§ EXERCISE OBJECTIVE
Reproduce verbatim the line containing "Puddingplätzchen auf Blech mit Puderzucker" and every line that follows it through the end of the entries below, omitting all pictures.
##### PROVIDED RECORDS #####
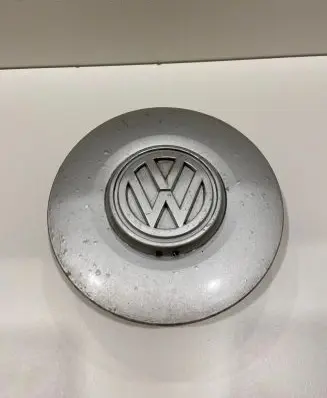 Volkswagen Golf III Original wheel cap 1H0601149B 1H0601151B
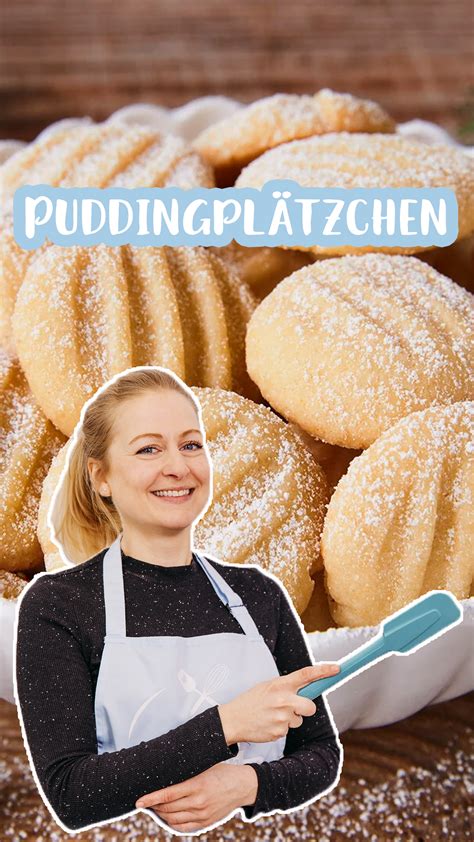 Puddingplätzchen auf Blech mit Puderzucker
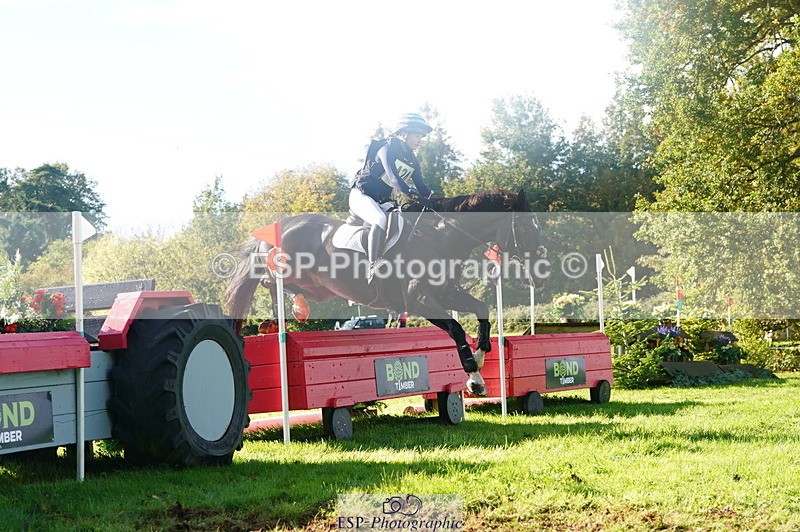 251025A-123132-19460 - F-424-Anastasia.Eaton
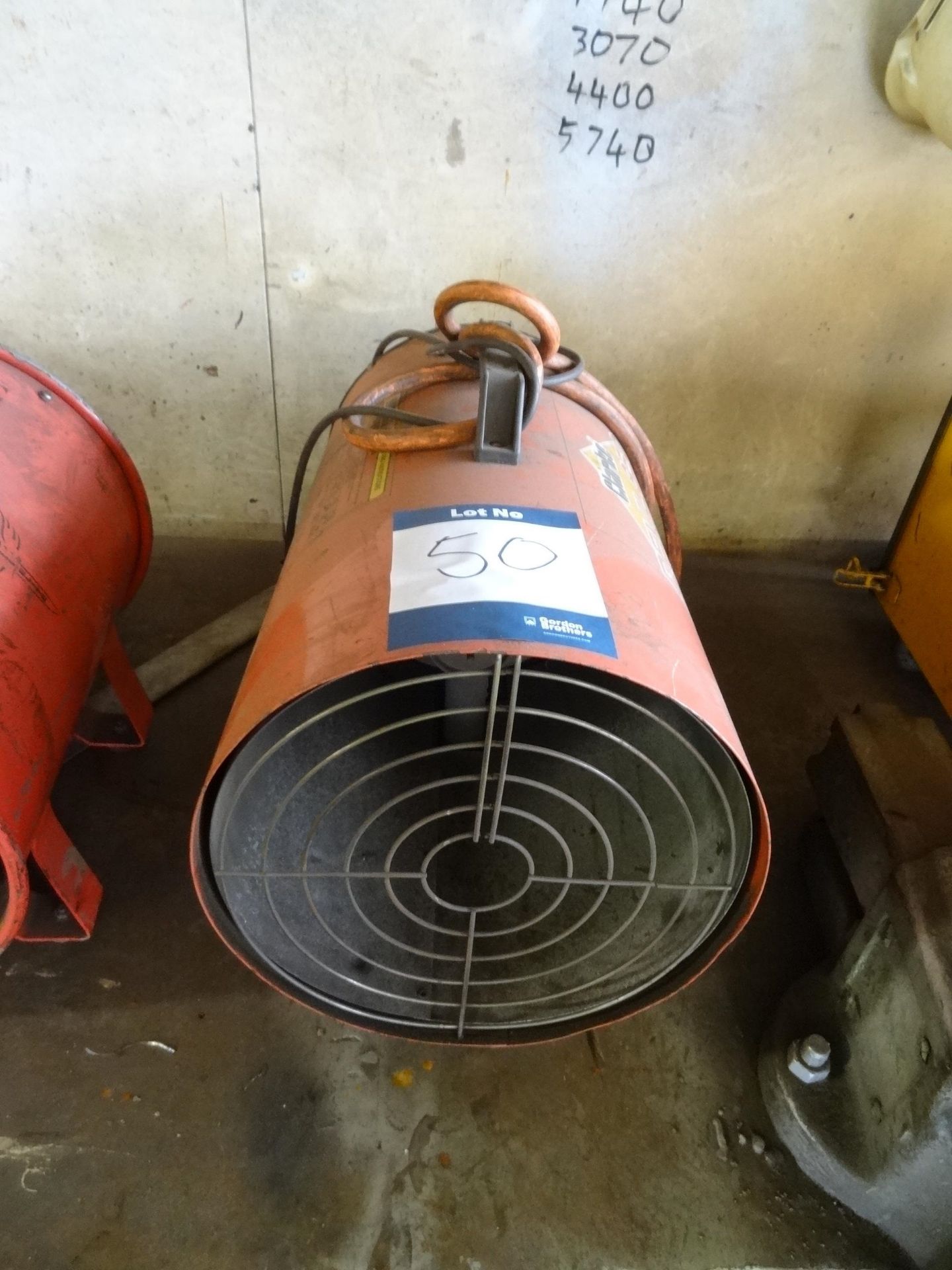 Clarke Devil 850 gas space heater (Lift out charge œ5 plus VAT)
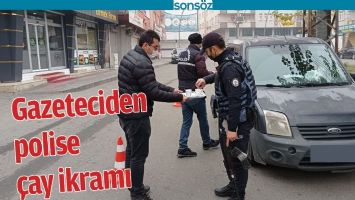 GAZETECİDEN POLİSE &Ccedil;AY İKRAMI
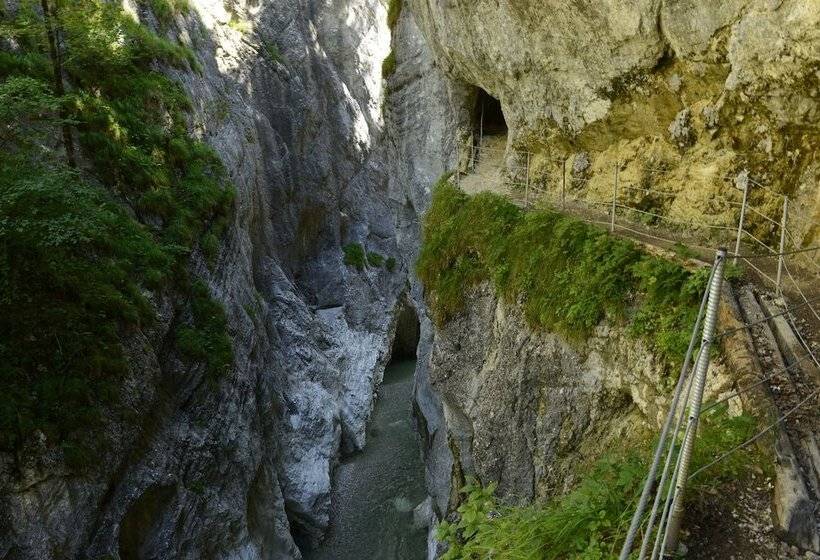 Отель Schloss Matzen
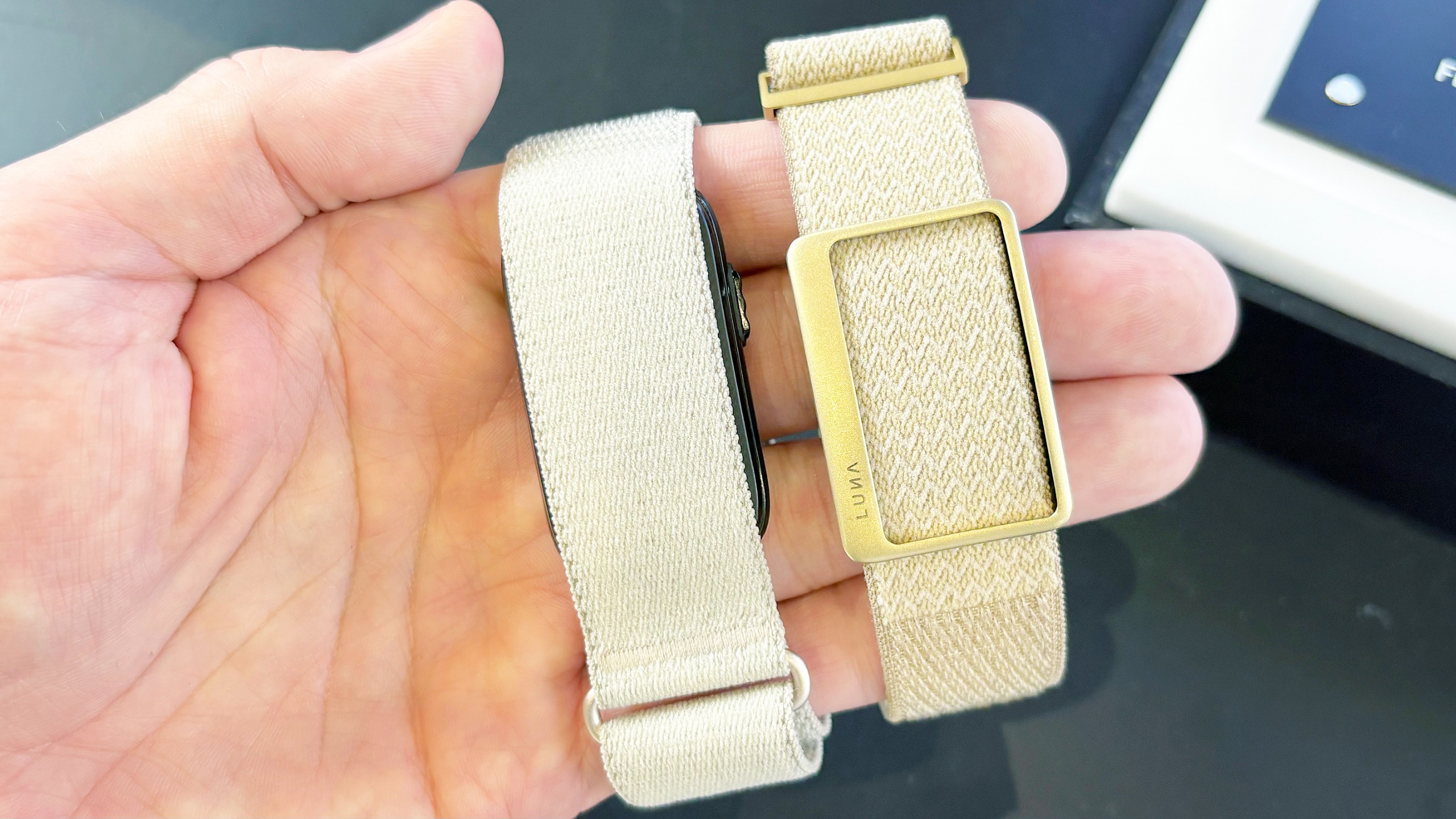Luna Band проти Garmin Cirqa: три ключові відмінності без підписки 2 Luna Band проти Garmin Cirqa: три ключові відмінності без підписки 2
#####
§ TASK ANSWER
 Puddingplätzchen auf Blech mit Puderzucker
 251025A-123132-19460 - F-424-Anastasia.Eaton
 Clarke Devil 850 gas space heater (Lift out charge œ5 plus VAT)
 GAZETECİDEN POLİSE &Ccedil;AY İKRAMI
 Отель Schloss Matzen
Luna Band проти Garmin Cirqa: три ключові відмінності без підписки 2 Luna Band проти Garmin Cirqa: три ключові відмінності без підписки 2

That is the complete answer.